Die Studie sollte die Sicht von Eltern und Mitarbeitern eines Sozialpädiatrischen Zentrums zur schulischen Situation von Kindern mit sonderpädagogischem Förderbedarf und zum Besuch integrativer Schulen zeigen.

Probanden:

54 Kinder im Jahr vor der Einschulung und 155 Schulkinder. Bei ihnen bestanden körperliche-, geistige-, sprachliche- oder Sinnesbehinderungen, Lern- oder Verhaltensstörungen.

Methode:

Elternfragebögen zu Vorschul- und Schulkindern und ein Mitarbeiterfragebogen zu jedem Kind wurden ausgewertet. Erfragt wurden Schulerfahrungen und -erwartungen der Eltern und die Schwere der Beeinträchtigung.
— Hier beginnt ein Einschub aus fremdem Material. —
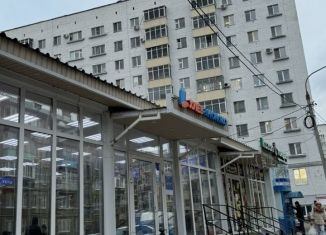 Помещение свободного назначения на продажу, 300 м2, Татарстан, улица Татарстан, 52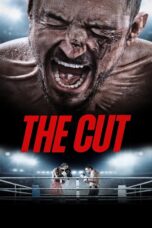 The Cut - Af Somali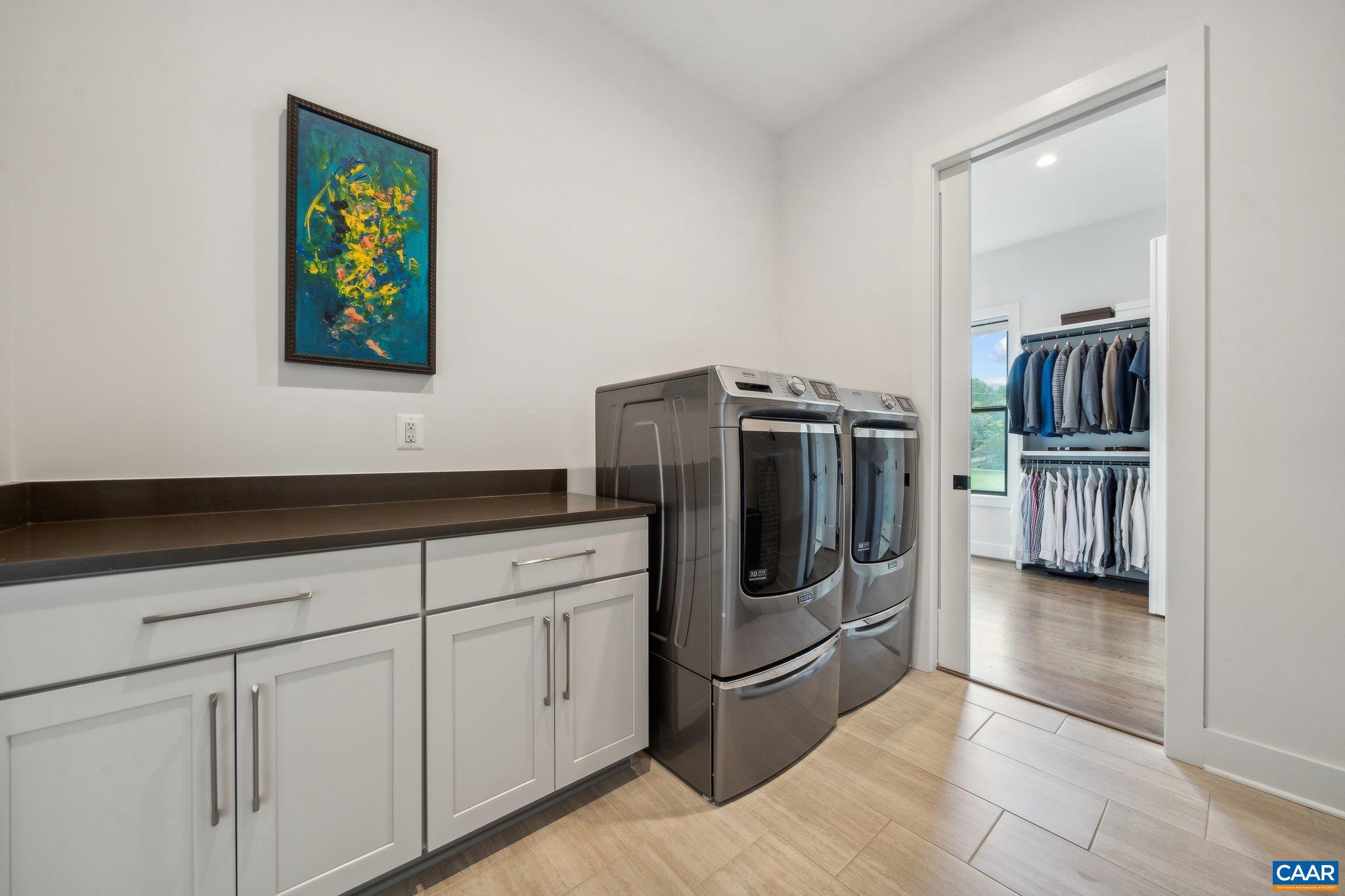 SANDY BRANCH RESORT FARM - Residential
Einschätzungen und Empfehlungen von Eltern und Mitarbeitern wurden verglichen.

Ergebnisse:

135 Kinder besuchten eine Sonderschule, 20 eine integrative Schulform. Eltern waren mit der Schule ihrer Kinder sehr zufrieden, obwohl 33% die Schule nicht frei wählen konn­ten. Sie hatten eine positive Einstellung zum gemeinsamen Unterricht von Kindern mit und ohne Beeinträchtigungen. Die Tendenz zu integrativen Schulen sank mit der Schwere der Be­einträchtigung. Eltern und Mitarbeiter schätzten die Schwere der Beeinträchtigung ähnlich ein. Bei Vorschulkindern tendierten die Eltern häufiger, bei Schulkindern seltener als die Mitarbeiter zu einer integrativen Schulform für das jeweilige Kind.

Schlussfolgerung:

Eltern von Kindern mit Lernstörungen oder Behinderungen wünschen für ihre Kinder z.T. eine Sonderschule, z.T eine integrative Schule. Eine verbesserte pädagogische und sozialpädiatrische Beratung bei der Schulwahl ist unabdingbar, vor allem bei gestärktem Elternwahlrecht.

Abstract

Background:

To investigate the view of parents and professionals on sending children with special educational needs to inclusive schools.

Probands:

54 preschool children in the year before school entry and 155 school children attending a Social Pediatric Center. They displayed motor-, mental-, speech- or sensory handicaps, learning or behavioral disabilities.

Methods:

Questionnaires for parents of preschool- and of school children and questionnaires for the professional caring for the child were evaluated and compared. Parental expectations, experiences concerning school and the severity of disability were determined.

Results:

135 pupils attended special schools and 20 integrative schools. The parents were generally very content with both types of schools despite the fact that 33% of parents had not have a free choice of the school. They had a positive attitude to inclusive education. Preference for inclusive schooling decreased with increasing severity of the child’s disability. The severity of disability was rated similar by parents and by professionals. Parents of preschool children tended more often and parents of school children less often than professionals towards sending the individual child to an inclusive school.

Conclusion:

Some parents of children with special educational needs would like to send their child to a special school, others prefer inclusive schools. It is paramount to improve the professional advice and guidance to parents since parental options to choose the school for their child are increasing in Germany.